> _WHAT TO PRODUCE_
Repeat exactly each line of the data provided below.

↓

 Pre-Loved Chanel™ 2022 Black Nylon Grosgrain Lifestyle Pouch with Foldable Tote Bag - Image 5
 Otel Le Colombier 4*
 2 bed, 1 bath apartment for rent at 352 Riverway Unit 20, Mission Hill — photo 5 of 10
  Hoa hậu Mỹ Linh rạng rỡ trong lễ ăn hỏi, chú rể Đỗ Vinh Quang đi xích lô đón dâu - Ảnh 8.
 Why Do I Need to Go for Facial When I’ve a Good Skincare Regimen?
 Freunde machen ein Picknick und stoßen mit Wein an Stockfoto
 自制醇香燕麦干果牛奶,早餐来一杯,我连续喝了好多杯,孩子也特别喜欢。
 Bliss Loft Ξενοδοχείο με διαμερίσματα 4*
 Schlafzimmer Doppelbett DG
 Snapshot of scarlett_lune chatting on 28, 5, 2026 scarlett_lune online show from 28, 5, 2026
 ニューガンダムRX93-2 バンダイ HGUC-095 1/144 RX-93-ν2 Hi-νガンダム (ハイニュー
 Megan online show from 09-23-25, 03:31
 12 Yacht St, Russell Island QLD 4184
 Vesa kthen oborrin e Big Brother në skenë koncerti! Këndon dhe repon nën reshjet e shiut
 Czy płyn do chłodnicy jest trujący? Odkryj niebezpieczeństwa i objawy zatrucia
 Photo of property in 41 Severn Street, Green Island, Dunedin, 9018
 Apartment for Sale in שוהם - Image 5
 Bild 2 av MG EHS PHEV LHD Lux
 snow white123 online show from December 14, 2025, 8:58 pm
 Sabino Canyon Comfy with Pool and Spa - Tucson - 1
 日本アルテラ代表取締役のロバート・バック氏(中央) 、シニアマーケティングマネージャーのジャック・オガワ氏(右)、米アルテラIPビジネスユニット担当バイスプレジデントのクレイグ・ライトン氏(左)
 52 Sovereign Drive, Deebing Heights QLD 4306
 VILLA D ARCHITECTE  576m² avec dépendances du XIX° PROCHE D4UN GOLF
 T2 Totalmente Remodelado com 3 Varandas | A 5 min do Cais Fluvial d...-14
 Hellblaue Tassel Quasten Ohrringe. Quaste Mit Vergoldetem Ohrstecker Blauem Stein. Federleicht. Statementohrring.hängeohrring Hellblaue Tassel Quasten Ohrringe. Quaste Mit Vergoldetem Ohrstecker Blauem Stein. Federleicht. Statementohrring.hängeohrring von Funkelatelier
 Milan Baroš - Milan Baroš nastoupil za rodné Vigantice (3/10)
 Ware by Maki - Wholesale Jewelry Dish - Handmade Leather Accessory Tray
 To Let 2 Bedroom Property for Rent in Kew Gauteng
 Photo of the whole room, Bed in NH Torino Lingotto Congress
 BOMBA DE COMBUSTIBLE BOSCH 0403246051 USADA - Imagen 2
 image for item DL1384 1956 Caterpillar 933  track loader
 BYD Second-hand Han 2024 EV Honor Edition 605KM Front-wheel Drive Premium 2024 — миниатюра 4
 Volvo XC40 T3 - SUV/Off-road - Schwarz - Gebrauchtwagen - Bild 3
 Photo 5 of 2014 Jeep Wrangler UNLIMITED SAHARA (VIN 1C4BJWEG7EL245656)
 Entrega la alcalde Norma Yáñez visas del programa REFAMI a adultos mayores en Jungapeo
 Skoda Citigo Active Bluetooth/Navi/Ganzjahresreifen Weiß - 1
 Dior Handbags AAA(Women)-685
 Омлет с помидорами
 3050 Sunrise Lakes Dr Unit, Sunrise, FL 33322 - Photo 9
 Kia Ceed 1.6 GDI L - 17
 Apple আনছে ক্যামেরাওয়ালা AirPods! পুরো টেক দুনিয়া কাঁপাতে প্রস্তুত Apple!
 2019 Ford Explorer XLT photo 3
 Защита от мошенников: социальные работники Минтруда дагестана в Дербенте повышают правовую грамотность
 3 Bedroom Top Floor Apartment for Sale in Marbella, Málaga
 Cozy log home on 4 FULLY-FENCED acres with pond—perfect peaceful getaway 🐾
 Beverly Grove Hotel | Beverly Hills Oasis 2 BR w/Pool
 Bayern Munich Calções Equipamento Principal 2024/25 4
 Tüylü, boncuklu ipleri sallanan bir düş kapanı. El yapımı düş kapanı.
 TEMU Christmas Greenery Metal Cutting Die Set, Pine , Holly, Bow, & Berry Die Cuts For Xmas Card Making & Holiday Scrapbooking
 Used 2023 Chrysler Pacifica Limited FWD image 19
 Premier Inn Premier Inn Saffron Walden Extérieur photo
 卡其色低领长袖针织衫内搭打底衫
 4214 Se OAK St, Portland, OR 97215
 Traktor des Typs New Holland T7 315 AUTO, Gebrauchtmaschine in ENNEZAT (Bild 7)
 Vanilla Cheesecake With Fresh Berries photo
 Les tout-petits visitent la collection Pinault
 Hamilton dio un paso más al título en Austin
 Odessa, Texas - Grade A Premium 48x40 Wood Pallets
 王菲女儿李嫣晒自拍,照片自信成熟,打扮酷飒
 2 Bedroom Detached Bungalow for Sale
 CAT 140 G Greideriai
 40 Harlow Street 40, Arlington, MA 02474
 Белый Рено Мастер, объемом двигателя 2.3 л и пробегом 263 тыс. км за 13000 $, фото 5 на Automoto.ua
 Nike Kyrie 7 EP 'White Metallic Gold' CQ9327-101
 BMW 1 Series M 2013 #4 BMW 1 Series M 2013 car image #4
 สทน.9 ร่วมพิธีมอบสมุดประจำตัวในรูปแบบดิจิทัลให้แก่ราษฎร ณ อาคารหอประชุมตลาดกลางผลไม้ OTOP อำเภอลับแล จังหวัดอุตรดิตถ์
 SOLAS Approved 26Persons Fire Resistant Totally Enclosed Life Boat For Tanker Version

↑

> _RESPONSE BELOW_
 Pre-Loved Chanel™ 2022 Black Nylon Grosgrain Lifestyle Pouch with Foldable Tote Bag - Image 5
 Otel Le Colombier 4*
 2 bed, 1 bath apartment for rent at 352 Riverway Unit 20, Mission Hill — photo 5 of 10
  Hoa hậu Mỹ Linh rạng rỡ trong lễ ăn hỏi, chú rể Đỗ Vinh Quang đi xích lô đón dâu - Ảnh 8.
 Why Do I Need to Go for Facial When I’ve a Good Skincare Regimen?
 Freunde machen ein Picknick und stoßen mit Wein an Stockfoto
 自制醇香燕麦干果牛奶,早餐来一杯,我连续喝了好多杯,孩子也特别喜欢。
 Bliss Loft Ξενοδοχείο με διαμερίσματα 4*
 Schlafzimmer Doppelbett DG
 Snapshot of scarlett_lune chatting on 28, 5, 2026 scarlett_lune online show from 28, 5, 2026
 ニューガンダムRX93-2 バンダイ HGUC-095 1/144 RX-93-ν2 Hi-νガンダム (ハイニュー
 Megan online show from 09-23-25, 03:31
 12 Yacht St, Russell Island QLD 4184
 Vesa kthen oborrin e Big Brother në skenë koncerti! Këndon dhe repon nën reshjet e shiut
 Czy płyn do chłodnicy jest trujący? Odkryj niebezpieczeństwa i objawy zatrucia
 Photo of property in 41 Severn Street, Green Island, Dunedin, 9018
 Apartment for Sale in שוהם - Image 5
 Bild 2 av MG EHS PHEV LHD Lux
 snow white123 online show from December 14, 2025, 8:58 pm
 Sabino Canyon Comfy with Pool and Spa - Tucson - 1
 日本アルテラ代表取締役のロバート・バック氏(中央) 、シニアマーケティングマネージャーのジャック・オガワ氏(右)、米アルテラIPビジネスユニット担当バイスプレジデントのクレイグ・ライトン氏(左)
 52 Sovereign Drive, Deebing Heights QLD 4306
 VILLA D ARCHITECTE  576m² avec dépendances du XIX° PROCHE D4UN GOLF
 T2 Totalmente Remodelado com 3 Varandas | A 5 min do Cais Fluvial d...-14
 Hellblaue Tassel Quasten Ohrringe. Quaste Mit Vergoldetem Ohrstecker Blauem Stein. Federleicht. Statementohrring.hängeohrring Hellblaue Tassel Quasten Ohrringe. Quaste Mit Vergoldetem Ohrstecker Blauem Stein. Federleicht. Statementohrring.hängeohrring von Funkelatelier
 Milan Baroš - Milan Baroš nastoupil za rodné Vigantice (3/10)
 Ware by Maki - Wholesale Jewelry Dish - Handmade Leather Accessory Tray
 To Let 2 Bedroom Property for Rent in Kew Gauteng
 Photo of the whole room, Bed in NH Torino Lingotto Congress
 BOMBA DE COMBUSTIBLE BOSCH 0403246051 USADA - Imagen 2
 image for item DL1384 1956 Caterpillar 933  track loader
 BYD Second-hand Han 2024 EV Honor Edition 605KM Front-wheel Drive Premium 2024 — миниатюра 4
 Volvo XC40 T3 - SUV/Off-road - Schwarz - Gebrauchtwagen - Bild 3
 Photo 5 of 2014 Jeep Wrangler UNLIMITED SAHARA (VIN 1C4BJWEG7EL245656)
 Entrega la alcalde Norma Yáñez visas del programa REFAMI a adultos mayores en Jungapeo
 Skoda Citigo Active Bluetooth/Navi/Ganzjahresreifen Weiß - 1
 Dior Handbags AAA(Women)-685
 Омлет с помидорами
 3050 Sunrise Lakes Dr Unit, Sunrise, FL 33322 - Photo 9
 Kia Ceed 1.6 GDI L - 17
 Apple আনছে ক্যামেরাওয়ালা AirPods! পুরো টেক দুনিয়া কাঁপাতে প্রস্তুত Apple!
 2019 Ford Explorer XLT photo 3
 Защита от мошенников: социальные работники Минтруда дагестана в Дербенте повышают правовую грамотность
 3 Bedroom Top Floor Apartment for Sale in Marbella, Málaga
 Cozy log home on 4 FULLY-FENCED acres with pond—perfect peaceful getaway 🐾
 Beverly Grove Hotel | Beverly Hills Oasis 2 BR w/Pool
 Bayern Munich Calções Equipamento Principal 2024/25 4
 Tüylü, boncuklu ipleri sallanan bir düş kapanı. El yapımı düş kapanı.
 TEMU Christmas Greenery Metal Cutting Die Set, Pine , Holly, Bow, & Berry Die Cuts For Xmas Card Making & Holiday Scrapbooking
 Used 2023 Chrysler Pacifica Limited FWD image 19
 Premier Inn Premier Inn Saffron Walden Extérieur photo
 卡其色低领长袖针织衫内搭打底衫
 4214 Se OAK St, Portland, OR 97215
 Traktor des Typs New Holland T7 315 AUTO, Gebrauchtmaschine in ENNEZAT (Bild 7)
 Vanilla Cheesecake With Fresh Berries photo
 Les tout-petits visitent la collection Pinault
 Hamilton dio un paso más al título en Austin
 Odessa, Texas - Grade A Premium 48x40 Wood Pallets
 王菲女儿李嫣晒自拍,照片自信成熟,打扮酷飒
 2 Bedroom Detached Bungalow for Sale
 CAT 140 G Greideriai
 40 Harlow Street 40, Arlington, MA 02474
 Белый Рено Мастер, объемом двигателя 2.3 л и пробегом 263 тыс. км за 13000 $, фото 5 на Automoto.ua
 Nike Kyrie 7 EP 'White Metallic Gold' CQ9327-101
 BMW 1 Series M 2013 #4 BMW 1 Series M 2013 car image #4
 สทน.9 ร่วมพิธีมอบสมุดประจำตัวในรูปแบบดิจิทัลให้แก่ราษฎร ณ อาคารหอประชุมตลาดกลางผลไม้ OTOP อำเภอลับแล จังหวัดอุตรดิตถ์
 SOLAS Approved 26Persons Fire Resistant Totally Enclosed Life Boat For Tanker Version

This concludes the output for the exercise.